Em outubro do ano passado, Israel havia aceitado o plano de 20 pontos de Trump, que previa liberação de reféns, cessar-fogo, entrada de ajuda humanitária, compromisso de Israel de não anexar Gaza e retirada gradual das forças israelenses à medida que uma força internacional estabelecesse controle e estabilidade. A presença de segurança perimetral israelense seria mantida até que não houvesse mais ameaça terrorista.

A versão atual de 15 pontos é vista por Israel como um recuo em relação às garantias de segurança e desmilitarização. O Board of Peace tentou esclarecer, após encontros com Netanyahu, que a retirada além da “Linha Amarela” só ocorreria após o descomissionamento completo de armas e túneis. Mesmo assim, o primeiro-ministro manteve a rejeição formal.

Pressão política interna e cobertura internacional

A decisão ocorre em meio a uma campanha eleitoral difícil para a coalizão de Netanyahu, com pesquisas desfavoráveis e pressão de parceiros da extrema direita, como o ministro da Segurança Nacional Itamar Ben-Gvir, que se opõem a concessões. Veículos internacionais destacaram o episódio como um “raro racha público” com Trump, após meses de tensão também em torno da questão iraniana.

A BBC observou que, a poucos meses das eleições, é improvável que Netanyahu queira fazer concessões. A CNN apontou que a coalizão de direita está atrás nas pesquisas e que ministros sinalizaram desejo de ampliar o controle. O New York Times ressaltou que, apesar das promessas de “vitória total” sobre o Hamas após 7 de outubro, o grupo ainda mantém presença em partes da Faixa.

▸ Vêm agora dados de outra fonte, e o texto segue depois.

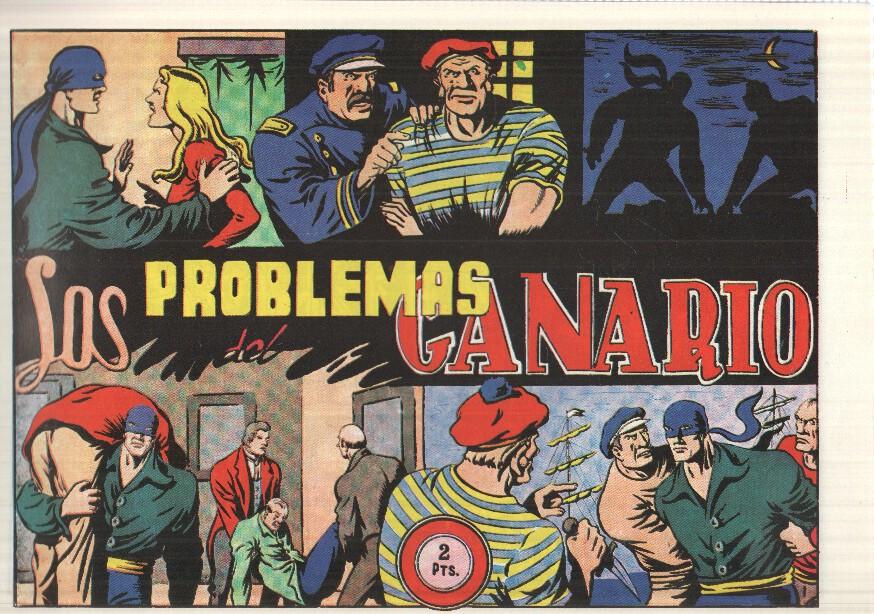 Facsimil: El Jinete Fantasma de Ambros numero 078: Los problemas del Canario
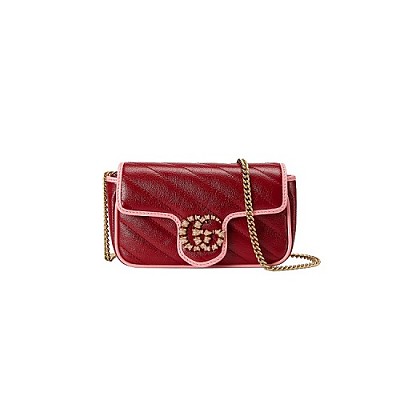 [스페셜오더]GUCCI-‎‎574969 3862 구찌 그린&에메랄드 GG 마몽 수퍼 미니 백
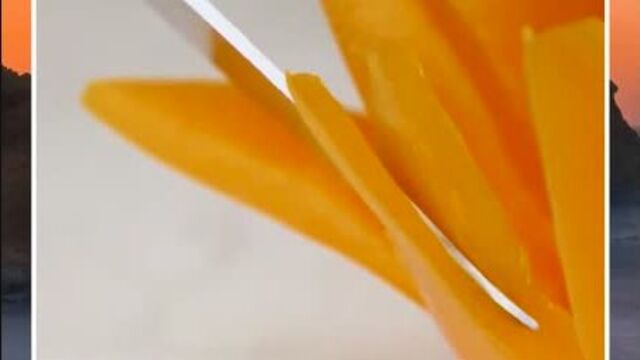 Красивая нарезка фруктов и овощей. Так и хочется попробовать. Всегда вкусно получается.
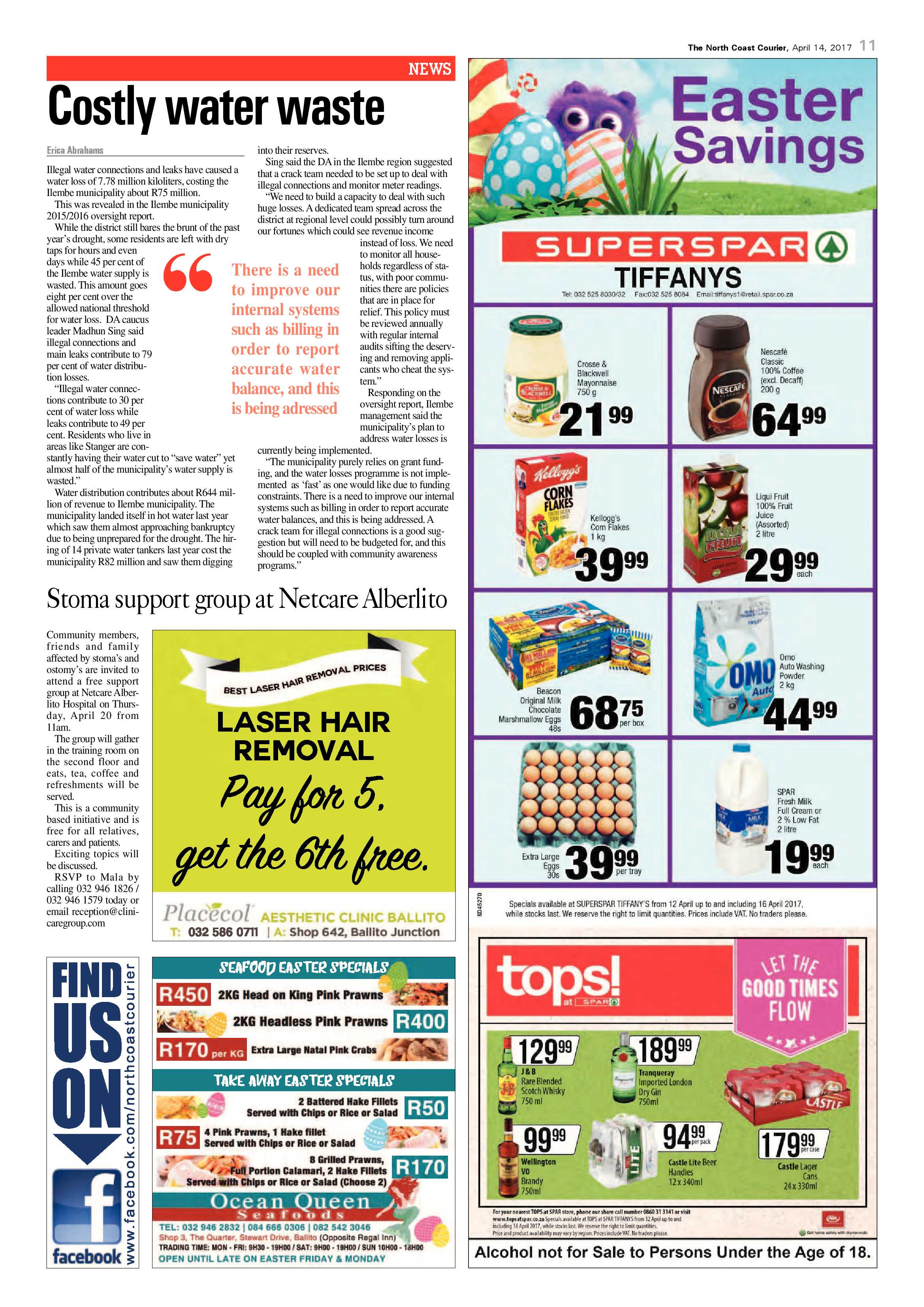 The North Coast Courier – 14 April 2017 page 11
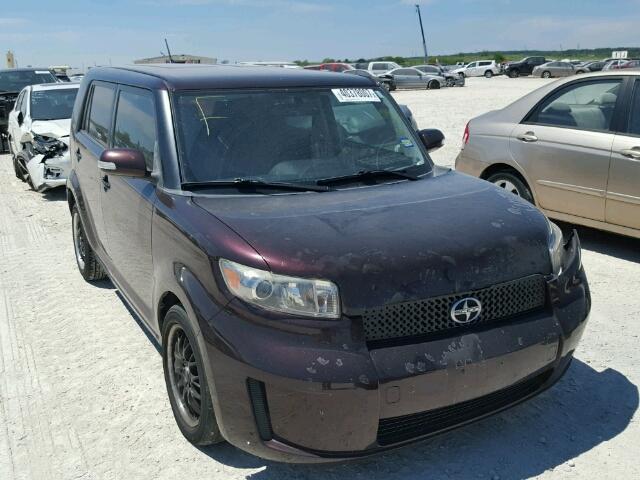 JTLZE4FE1A1106802 - 2010 TOYOTA SCION XB MAROON photo 1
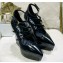 Versace Heel 15cm Platform 6cm Tempest Pumps Leather Black with Adjustable buckle 2023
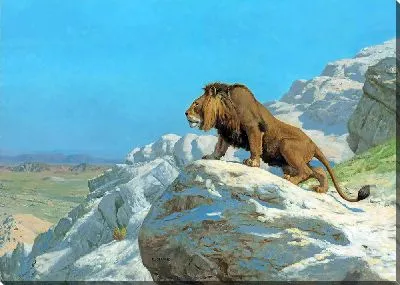 Картина Лев на страже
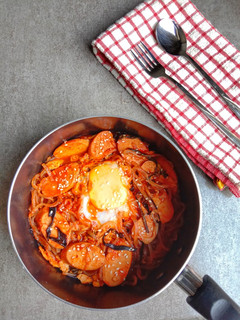 Foto resep Korean Gochujang Soup with Shirataki Noodles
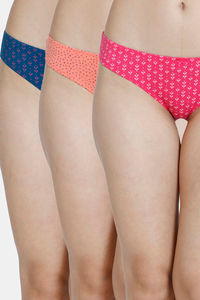 Buy Rosaline Bikini Low Rise Full Coverage Panty (Pack of 3) - Raspberry Poseidon Coral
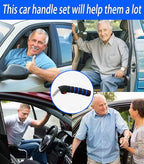 KOUNATSURI Car Door Handle for Elderly Car Handle Assist Support Handle Multifunction Handle for Elderly and Handicapped(Blue)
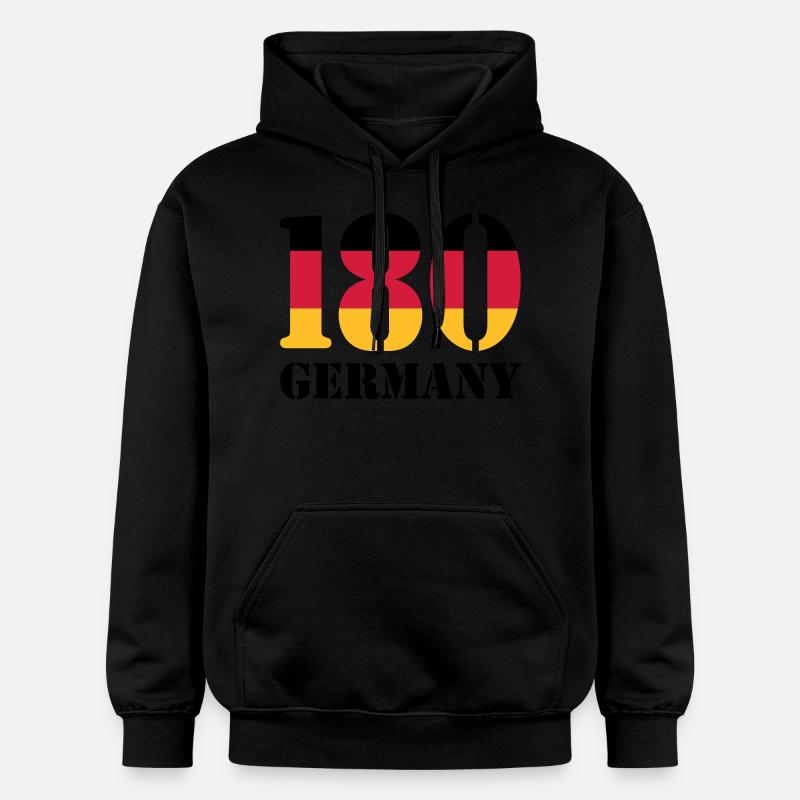 180 Germany - Gildan Unisex Softstyle® Midweight Hoodie - Schwarz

O Hamas, por sua vez, indicou disposição de avançar no quadro mediado, desde que Israel cumpra suas obrigações. Mediadores e o próprio Board of Peace continuam tentando destravar o impasse, mas a recusa israelense coloca um obstáculo concreto à transição para a segunda fase do acordo de paz.

Implicações

A rejeição formal reforça a posição de Israel de que qualquer retirada militar está condicionada ao desarmamento completo e verificável do Hamas. Enquanto as negociações com Washington sobre os pontos de discordância seguem, as IDF permanecem autorizadas a responder a ameaças. O episódio ilustra as dificuldades de transformar o plano de Trump em realidade no terreno, em um contexto de eleições israelenses e de desconfiança mútua profunda entre as partes.